As a woman, I have very mixed feelings about the campaign and how it has morphed from putting an end to sexual exploitation in Hollywood and politics to, dare I say it, a bit of a tornado of gender politics. I realize that is a contentious position to take, especially as a woman. We’ve seen examples of people being accused (let’s cut to the chase – men being accused) of sexual harassment and assault when something on a date went awry. And while the truth of harassment might exist in many of the cases brought forward, there are others where it is nothing more than vengeance.
Some are calling that “collateral damage” … which is outrageously unfair to the innocent lives affected by the accusations. Women who speak out against the #metoo accusers are met with this new strategy of shouting you down … bullying of sorts, and demanding they surrender their “woman card” because they’re obviously not part of the sisterhood.

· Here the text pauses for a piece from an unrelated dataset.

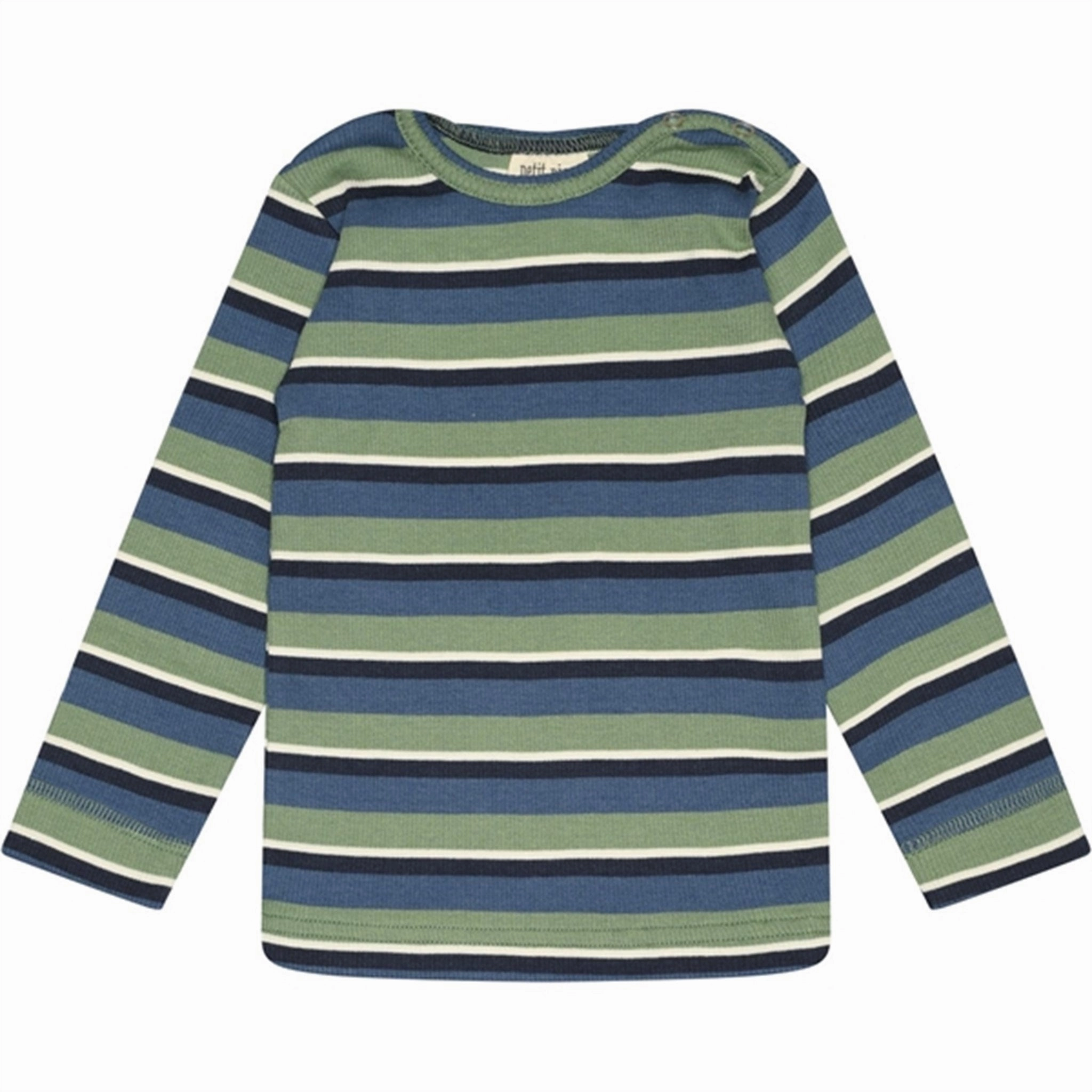 Petit Piao Spring Green/Moonlight Blue Modal Blouse Relaxed Vibe hypoallergenic material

Misogyny exists. Yes, I have also had my share of “creepy” moments – but I’ve never let that define me. I’ve never felt inspired to whip up a protest placard and march on the streets (Full disclosure, I’m not that motivated anyway). I’ve had to endure awkwardness in the workplace, sexual commentary that bordered on obscene, harassment online and full-on assumptions about my sexual availability for cash simply because I have a naughty hobby. I still receive dozens of unsolicited dick pics, meeting requests and uncensored commentary on what they would like to do to me as an object, as opposed to a person with an intellect.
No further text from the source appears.